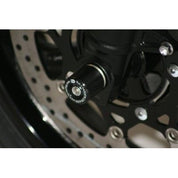 R&G Racing Black Fork Protectors For 2008-2009 Suzuki Bandit 1250S GSF1250S GT Faired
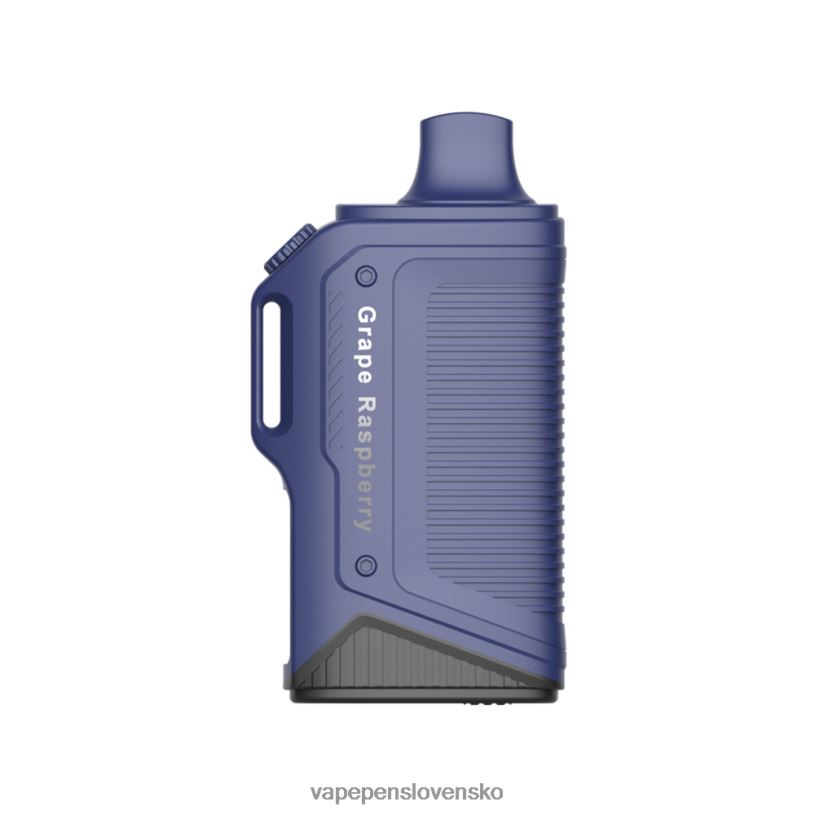 80N2677 Vape Cigareta - hroznová malina LAVIE Energy Box 15 000 ťahov
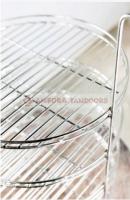 Этажерка (решетка) 4-х ярусная большая ПРЕМИУМ D.33 cm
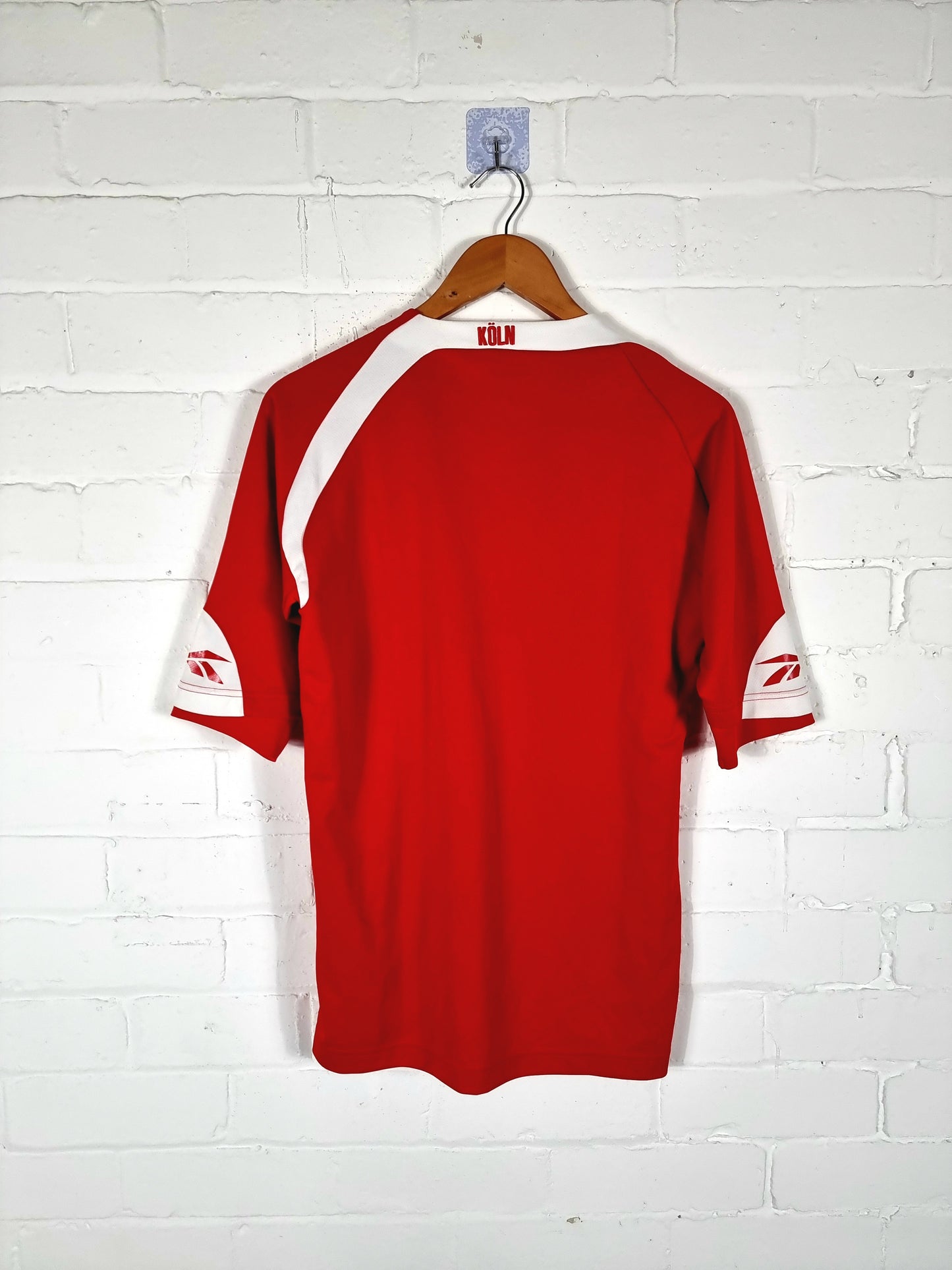 Reebok FC Koln 2009/10 Home Shirt Small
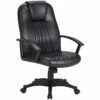 Pacific Leather Faced Manager Chair -EQUIP4WORK Sales 052629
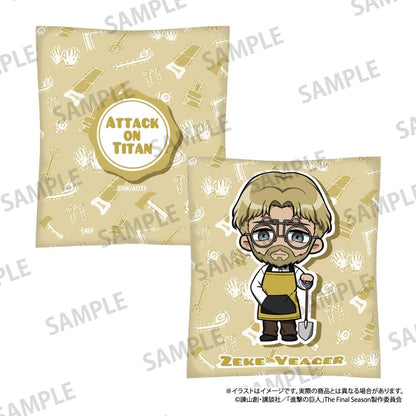 《進擊的巨人》抱枕 吉克·耶格爾（Q版）（DIY）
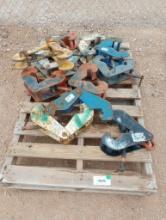 Pallet of Misc Beam Clamps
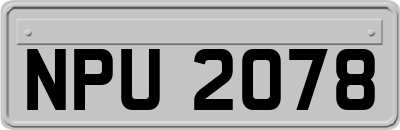 NPU2078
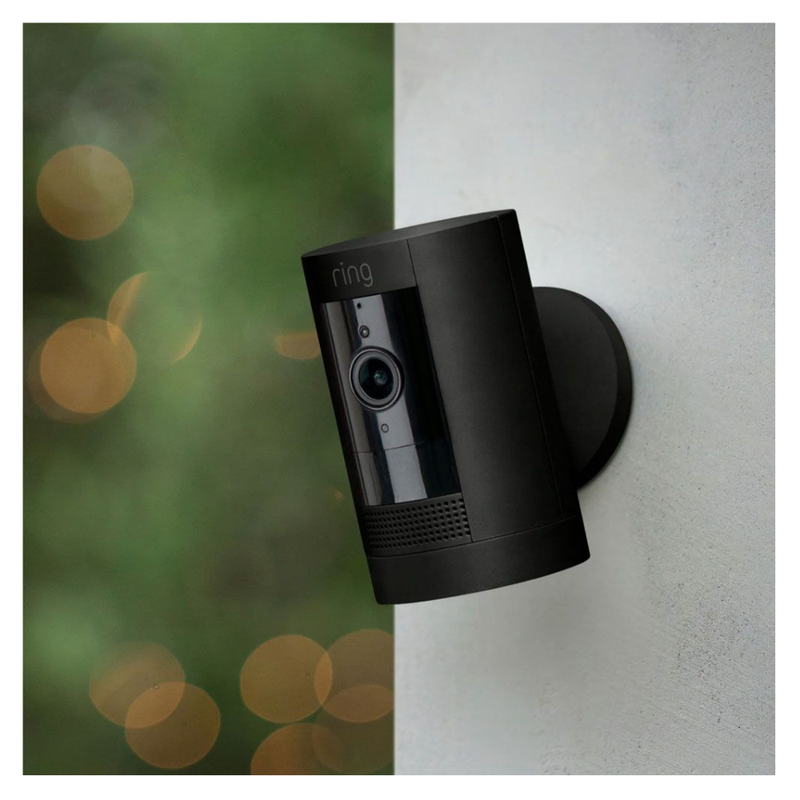 Ring Stick up Cam 2 Pack Black - B0CGCH5WTT Ring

* [What is being asked]
Set down all the data again exactly as above, pictures excluded.

* [Your response]
 R&G Racing Black Fork Protectors For 2008-2009 Suzuki Bandit 1250S GSF1250S GT Faired
 80N2677 Vape Cigareta - hroznová malina LAVIE Energy Box 15 000 ťahov
 Этажерка (решетка) 4-х ярусная большая ПРЕМИУМ D.33 cm
 Reebok FC Koln 2009/10 Home Shirt Small
 Pacific Leather Faced Manager Chair -EQUIP4WORK Sales 052629
 《進擊的巨人》抱枕 吉克·耶格爾（Q版）（DIY）
 Pallet of Misc Beam Clamps
 NPU2078
 Ring Stick up Cam 2 Pack Black - B0CGCH5WTT Ring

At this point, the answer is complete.